Let’s get specific about some of these approaches to developing ourselves as teachers. Say you’re attending a workshop on some new pedagogical approach. The presenter moves through the slides quickly and you don’t quite see how the examples could work in your field or large intro course. Some concepts are familiar; others aren’t. Some of the central ideas—metacognition or pedagogical content knowledge—are new and it’s not clear how they relate to each other. A group activity is announced but what you really want is time to think on your own. You were looking back through your notes and not listening to the instructions, so you aren’t exactly sure what the group is supposed to do. Someone in your group tells a long story. The discussion wanders around. The presenter’s debrief doesn’t really clear up your confusion. In the end, you learned a thing or two but you leave the session disappointed.

Or perhaps you’re not big on workshops and prefer to stay current and learn new approaches by reading. An article with an intriguing idea captures your attention. Maybe it’s on using clickers to check conceptual understanding, cold calling to increase student participation in discussion, or some other teaching technique that the author swears is nearly foolproof. You skim the piece during a lunch break. It gives you the germ of an idea, which grows into an outline of an activity. You spend some extra time to prep the details. You’re enthused about what you’ve put together but worry about how much content won’t get covered. You think about asking a colleague, but you’ve left the prep to the eleventh hour and there’s no time to bounce ideas off someone. Besides, sharing a new strategy before you use it feels rather risky, so you test it out in class. The activity goes pretty well. Students don’t jump in with great enthusiasm but by the end they’re engaged, even your most quiet ones. You tell yourself to remember to give clearer instructions in the future and persuade yourself the other rough spots will smooth out the second time around.

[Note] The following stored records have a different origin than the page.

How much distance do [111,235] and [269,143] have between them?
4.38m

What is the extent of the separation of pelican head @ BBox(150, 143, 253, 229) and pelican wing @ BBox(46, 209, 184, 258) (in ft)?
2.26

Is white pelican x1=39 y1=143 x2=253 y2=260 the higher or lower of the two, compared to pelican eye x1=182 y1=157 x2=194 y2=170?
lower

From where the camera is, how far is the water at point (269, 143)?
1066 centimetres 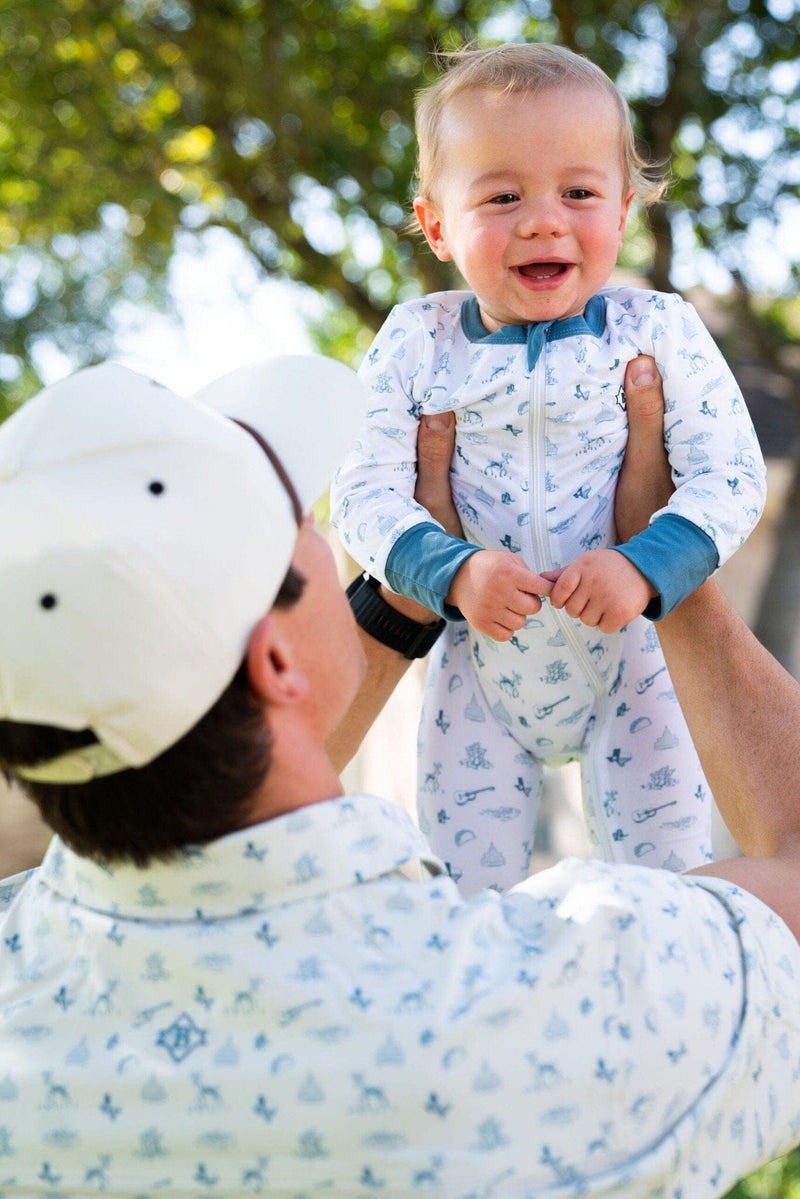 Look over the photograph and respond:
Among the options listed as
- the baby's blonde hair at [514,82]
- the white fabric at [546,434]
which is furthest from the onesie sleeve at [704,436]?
the baby's blonde hair at [514,82]

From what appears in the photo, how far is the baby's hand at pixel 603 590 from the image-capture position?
1.98 meters

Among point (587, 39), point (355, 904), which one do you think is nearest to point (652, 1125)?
point (355, 904)

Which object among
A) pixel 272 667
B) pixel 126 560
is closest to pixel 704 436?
pixel 272 667

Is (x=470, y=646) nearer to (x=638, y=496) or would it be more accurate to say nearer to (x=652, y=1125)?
(x=638, y=496)

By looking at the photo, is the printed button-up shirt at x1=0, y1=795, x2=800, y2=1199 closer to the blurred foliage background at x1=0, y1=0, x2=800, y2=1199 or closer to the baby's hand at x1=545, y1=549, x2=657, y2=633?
the baby's hand at x1=545, y1=549, x2=657, y2=633

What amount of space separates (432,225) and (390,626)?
0.77 m

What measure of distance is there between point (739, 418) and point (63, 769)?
1284 mm

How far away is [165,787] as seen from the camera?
156 centimetres

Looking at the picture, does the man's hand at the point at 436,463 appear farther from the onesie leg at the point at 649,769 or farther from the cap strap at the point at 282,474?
Result: the cap strap at the point at 282,474

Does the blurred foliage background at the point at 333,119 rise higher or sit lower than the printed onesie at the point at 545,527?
higher

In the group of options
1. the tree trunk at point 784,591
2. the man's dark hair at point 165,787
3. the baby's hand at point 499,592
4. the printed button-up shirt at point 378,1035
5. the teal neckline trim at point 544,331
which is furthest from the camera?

Or here’s one of my learning experiences. I was working with two younger colleagues who suggested modifying a course the three of us teach. We all thought we could be more intentional in teaching students how to use primary literature. My colleagues were eager to try something they’d read about; I was eager to support them. However, committee assignments kept me from participating as fully as I would have liked. After several meetings, one of which I missed, my colleagues presented a model for the project. I didn’t entirely understand it, but since I missed a meeting I simply went along. I expected that with my long-time experience I could make it work. I couldn’t. My students were confused; I was confused. Conversations with my colleagues helped me figure it out, but I still wasn’t happy with the quality of my students’ work. In the end, I wished I’d understood the proposed model more deeply before launching the assignment.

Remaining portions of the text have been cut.